Ghosh thinks that a lot of contemporary fiction has become far too concerned with “I, me, and myself,” he said. “And that’s not what I do. That doesn’t interest me.”

He cites John Steinbeck as an example of the type of realist writer he is trying to emulate. Steinbeck “worked with the migrants, he visited these camps,” when researching The Grapes of Wrath. “Steinbeck himself was an upper-middle-class Californian. He was not an Oklahoman. So he made notes. He talked to people.” Before beginning Gun Island, Ghosh toured migrant camps in Italy, interviewing young people from Asia and Africa who made the dangerous trek to Europe in search of a better life.

“Before I did anything in anthropology, I was a journalist,” he said. “That was my first job, and in many ways, I have the instincts of a journalist. So my instinct is always to take out a notebook and take notes.

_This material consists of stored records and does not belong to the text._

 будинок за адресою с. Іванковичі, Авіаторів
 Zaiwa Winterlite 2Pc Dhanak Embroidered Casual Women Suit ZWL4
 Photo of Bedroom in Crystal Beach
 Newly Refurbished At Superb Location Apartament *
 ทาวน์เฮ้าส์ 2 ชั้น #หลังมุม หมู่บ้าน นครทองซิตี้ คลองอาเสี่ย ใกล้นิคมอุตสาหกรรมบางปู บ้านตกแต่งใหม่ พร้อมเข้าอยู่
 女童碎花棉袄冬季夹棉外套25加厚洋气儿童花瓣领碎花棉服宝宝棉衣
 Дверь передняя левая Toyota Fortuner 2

You could call it anthropology, you could call it ethnography, you could call it journalism, you could call it whatever. In my head, they’re not different, it’s all just there.”

A complex picture emerged from Ghosh’s on-the-ground research in Italy. “I went there with the idea that these were climate migrants,” Ghosh said. Very often, he learned that the migrants from South Asia did in fact count climate factors among their reasons for leaving their home countries. Some had seen their farmland rendered infertile by encroaching saltwater; others had lived through drought.

“But at the same time, the thing that really struck me was that none of them would accept the label climate migrant or climate refugee. At first I thought that there was some kind of resistance to the term, some sense of shame. I realized later that it was much more complex, that this phenomenon so many experts call climate migration isn’t really reducible to anything as simple as that. It’s much more complicated.” Those complications shoot through Gun Island, climate concerns intertwining with issues of economic migration and histories of empire and dispossession.

Ghosh plans to begin work on a new novel soon. I asked him whether he expects climate change will play a central role in this book too.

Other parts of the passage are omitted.